Evolutionary controls

Third, we control for four evolutionary factors including pathogen prevalence (historical and contemporary), social diversity (including racial/ethnic, linguistic, and religious diversity), modernization (including urbanization and population density), and social conflict.

Pathogen prevalence is calculated as the average rate of nine pathogens that capture all biological detriments to human fitness resulting in disease including leishmanias, trypanosomes, malaria, schistosomes, filariae, leprosy, dengue, typhus, and tuberculosis. Both historical and contemporary epidemiological indicators of these variables were calculated because they have both been found to be strongly associated with cultural values such as societal individualism42. Scores for all countries are available from Fincher et al.42. Data on pathogen prevalence were not available for a few countries in our analysis and were thus estimated based on neighboring countries: Azerbaijan was estimated based on Iran; Rwanda and Uganda were estimated based on Tanzania; Ukraine was estimated based on Russia. Because both historical and contemporary pathogen prevalence were very strongly and positively correlated in our data (r = 0.81), an “average pathogen prevalence” measure was calculated for inclusion in analyses.

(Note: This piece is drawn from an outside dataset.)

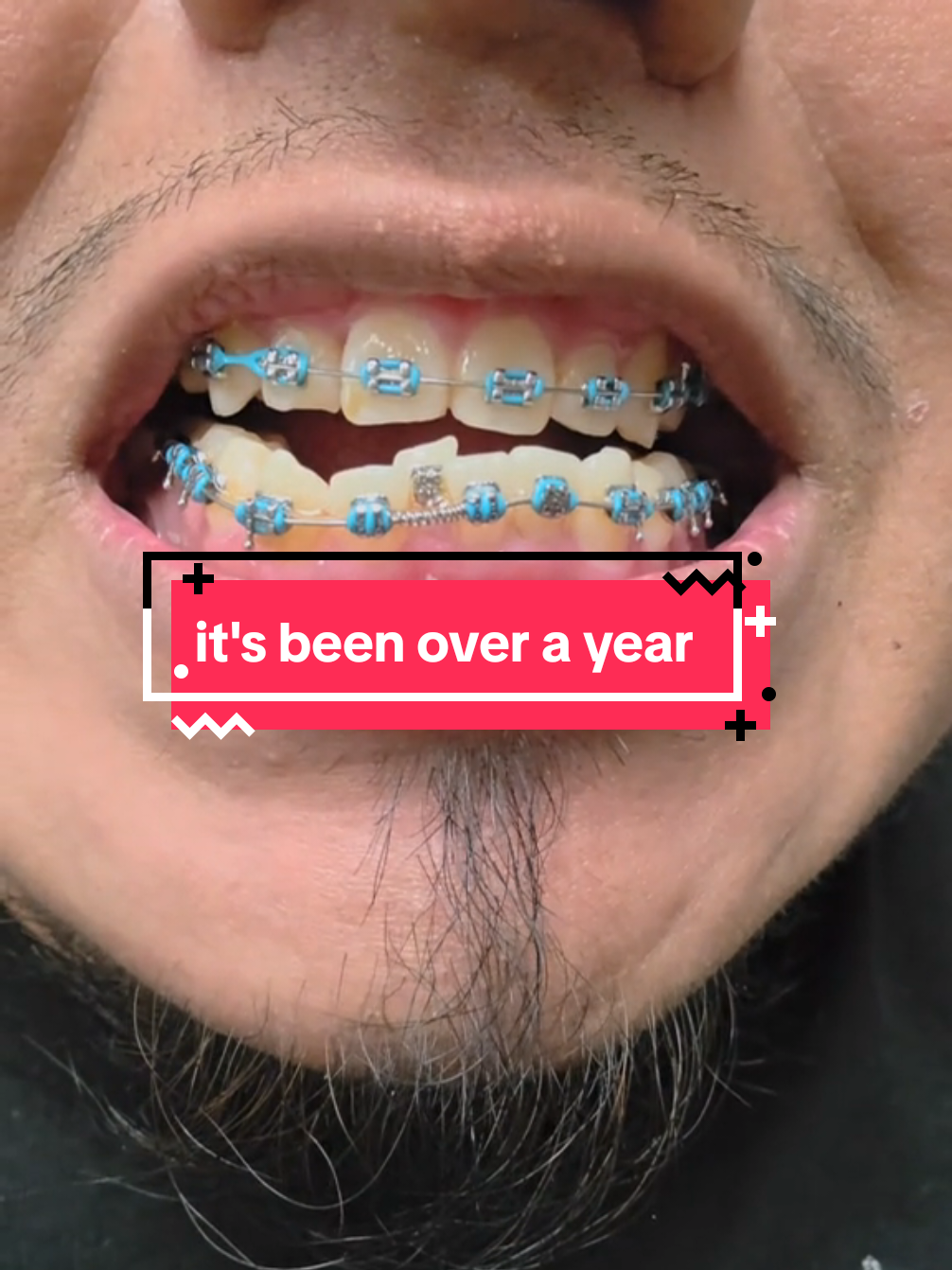 @str8braces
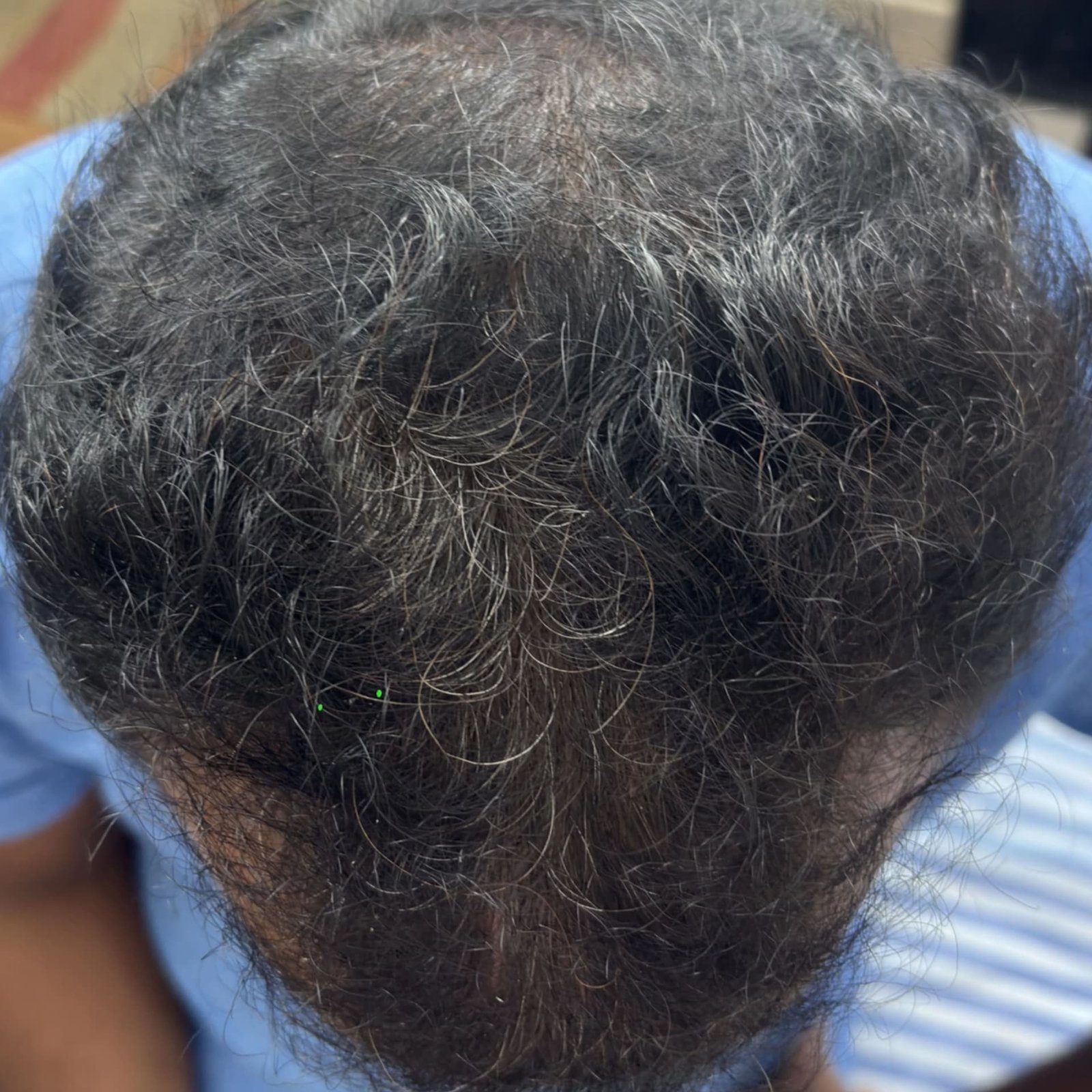 Hair Restoration Patient 2 After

Social differences in language, race, and religion have a long history of being associated with culture e.g.,65,66,67. We thus control for social diversity, defined as the extent to which a country is fractionalized along ethnic/linguistic/religious lines, and using country scores provided for all countries from Luiz68. Because these three types of diversity tend to coincide (e.g., more ethnicities imply more languages spoken), we calculated an averaged “social diversity” score based on the three indices for inclusion in all analyses (α = 0.70).

Likewise, modernization theory has long attributed cultural differences to the shift from agricultural and relatively isolated forms of living to urbanized and crowded forms of living69,70. We thus control for this factor using World Bank data on the urbanization rate within countries, defined as the percentage of people living in cities71, and population density, defined as the logged number of inhabitants per square kilometer in each country72. Both these variables have been found to predict cultural values such as collectivism and tightness43,45,73.

Finally, social conflict has long been identified as a source of threat mandating the formation of socially cohesive societies8,74. More specifically, a country’s history of territorial threat is defined as the number of conflict incidences that have occurred within its territorial borders8. Illustratively, the bombing of Pearl Harbor and the Russian Revolution were conflict incidences occurring within US and Russian territorial borders, respectively, whereas the Iraq wars and the invasion of Afghanistan were extra-territorial conflict incidences involving these countries. Data on historical conflict incidences from 1918 to 2016 are available for all countries from the International Crisis Behavior Database75,76.

Contemporary controls

Fourth, we control for two contemporary factors, including material resources available for threat adaptation both between- and within-countries (i.e., wealth). Wealth differences have been found to strongly predict cultural values such as individualism-collectivism45,46,61. Wealth differences between countries is defined as the gross domestic product per capita (GDP PPP); data were available for all countries in our study from the World Bank77. Wealth differences within countries is defined as the Gini coefficient; data were available for all countries in our study from the World Bank78.

Dimensions of societal culture

Individualism and monumentalism country scores were available for 50 out of 55 countries in our study20. The remaining five countries were estimated based on cultural values clusters across world regions10, as follows: Burkina Faso and Zambia were based on South Africa; El Salvador was based on Colombia; Tanzania and Uganda were based on Rwanda.